Business Model & Resources
This section helps you identify strategic inputs from:
Your business model - Using the Business Model Canvas (BMC).
Internal resources - Using the Resource Based View (RBV) technique.
Business Model Canvas
The Business Model Canvas was developed by Alexander Osterwalder and Yves Pigneur to give a bird’s-eye view of how an organisation or product operates and creates value. As well as ensuring your business model is well designed, it can also help you identify strategic opportunities. For example, looking at new ways to distribute to customers to increase market share. Full details on how to create this and identify strategic opportunities are here.
Resource Based View (RBV)
This technique originated from Jay Barney's 1991 article "Firm Resources and Sustained Competitive Advantage". Within your business model, you may have internal aspects that can give you a competitive advantage.
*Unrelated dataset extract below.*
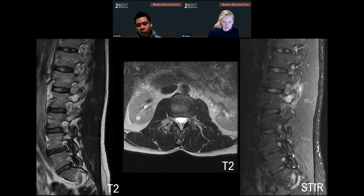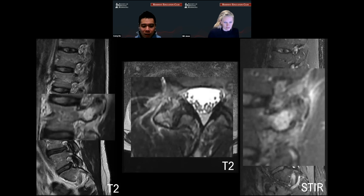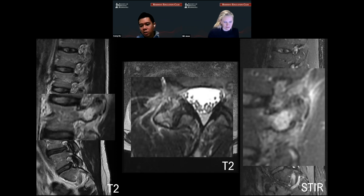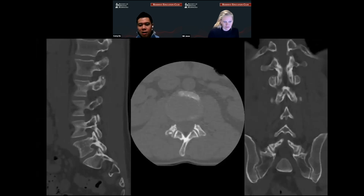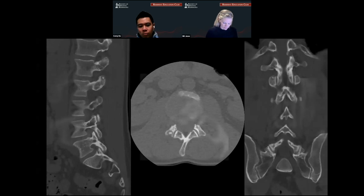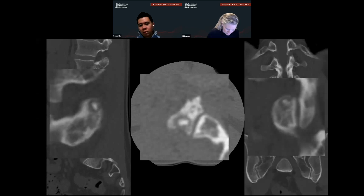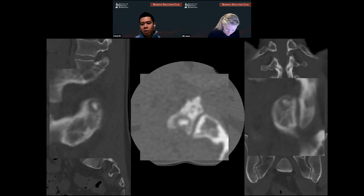This is the MRI. Within that posterior element of L2, there's signal abnormality that's hyperintense on the T2 images and also showing edema within the lesion and around the soft tissues on the STIR sagittal images. And on CT, looking in that region, I'll zoom it up for you — there's a dense nodule with some surrounding lucency that correlates to the lumbar MRI findings.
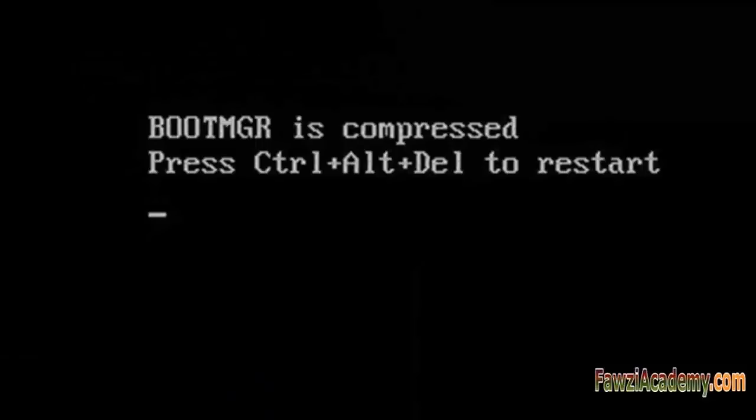How to solve it? Using the compress feature on the system drive can compress some of the files required to boot the Windows OS. This could simply make your Windows computer not boot if the problem is not hardware related.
In David Aaker’s brand equity model, these are seen as valuable resources and capabilities that give a brand or product a strong competitive advantage. They can provide credibility and establish trust. For example, owning a patent that provides strong evidence of expertise. They include:
Intellectual Property (IP) - This includes aspects like trademarks, copywritten material and patents.
Digital assets - This includes aspects like unique content, domain names and proprietary software.
Relationships - This includes aspects like supplier and distributor relationships that cannot be copied.
Brand elements - This includes aspects like colour palettes, characters and jingles.
Proprietary processes - For example, you have optimised processes for delivering physical goods or providing personalised customer support.
You should identify these assets and store them centrally. You can then review them to ensure they are properly protected and have no unauthorised usage.
Determining resources
These are determined using the VRIN criteria:
Valuable - Resource that helps efficiency, effectiveness or customer satisfaction.
Rare - The resource must be rare within the industry.
Inimitable - Competitors cannot easily replicate.
Non-substitutable - Cannot be replaced by other solutions that provide similar benefits.
Process
Identify resources that make the organisation unique.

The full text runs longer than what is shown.